A história do homem é a história de suas guerras. A humanidade só subiu tão alto na escala evolutiva graças à capacidade de partilhar informação a respeito dos assuntos mais comezinhos, como o melhor lugar da floresta para se caçar ou que alimentos poderia ou não ingerir sem correr o risco de morrer envenenado, por exemplo. E essa hegemonia cognitiva sobre os outros animais não seria nada se não viesse acompanhada do aperfeiçoamento da força física. Para tanto, o homem teve de se impor. Primeiro, subjugou os bichos que considerou mansos, e os fez trabalhar para si. Depois, a fim de ser capaz de vencer feras mais corpulentas e ferozes do que ele múltiplas vezes, desenvolveu ferramentas como tações, lanças e fundas e, assim, ampliou seus territórios. O próximo passo foi dominar o fogo, criar a pólvora e a sorte do gênero humano estava dada: a guerra. Queira-se ou não, foi por meio de conflitos armados que conseguimos tudo o que temos. Declarar-se guerra contra quem quer que seja nunca é uma decisão fácil, mas é, muitas vezes, a única decisão a se tomar, a fim de se evitar a desonra, que, conforme ensina Winston Churchill (1874-1965), primeiro-ministro do Reino Unido quando da Segunda Guerra Mundial, se encarniça de um povo que não encampa as causas pelas quais se deve combater. Temos que admitir: a guerra fascina. E em muitas ocasiões, foi por meio da guerra que a humanidade conheceu seus grandes heróis, homens e mulheres que se tornaram personalidades graças a um desempenho de coragem memorável ao longo de uma série de enfrentamentos entre exércitos. O cinema entendeu isso desde sempre e continua a produzir filmes cuja beleza transcende os horrores de confrontos armados entre indivíduos de uma mesma espécie e mostram valores fundamentais em meio aos soldados, como bravura e solidariedade, também perpassando o sentimento do cidadão comum, que continuava a travar suas batalhas intimas. É o caso de “1917” (2019), de Sam Mendes, e “Desejo e Reparação” (2007), de Joe Wright, que brilham na nossa lista com os dez melhores filmes épicos feitos neste ainda curto século 21. Ainda restam 80 anos para que apareçam muitos outros. Os títulos estão elencados do mais recente para o mais antigo e não seguem critérios de avaliação. Apresentar armas, tropa!

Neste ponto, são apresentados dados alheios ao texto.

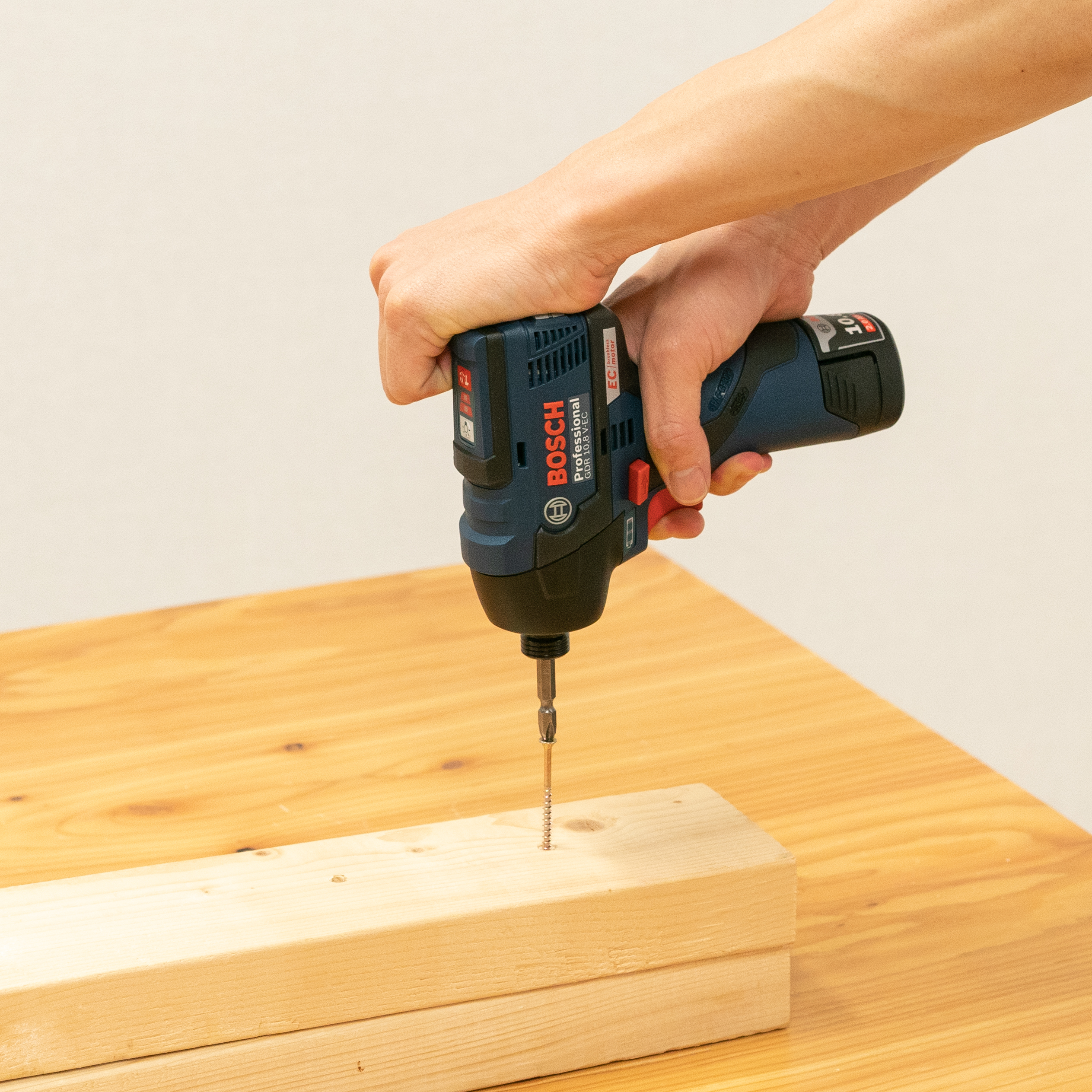 ボッシュ コードレスインパクトドライバー GDR 10.8V-ECをレビュー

A história de “1917” é simples como a de tantos outros filmes do mesmo gênero. Dois jovens soldados ingleses são incumbidos de uma árdua missão: precisam entregar uma mensagem que manda parar um ataque que custaria a vida de 1.600 homens, incluindo o irmão de um deles. Qualquer semelhança com “O Resgate do Soldado Ryan”, por exemplo, é mera coincidência. Aqui, a trama é levada de um jeito mais intimista, valorizando os conflitos que indelevelmente surgem entre os dois, as hesitações de cada um quanto ao êxito da tarefa, sempre premidos pelo tempo, assim como em “Dunkirk”. Os pontos de contato se diluem aí, no entanto. O filme apresenta uma sutileza própria das obras-primas — principalmente quando abordam temas tão ingratos —, e, se você piscar num determinado frame, perde detalhes preciosos.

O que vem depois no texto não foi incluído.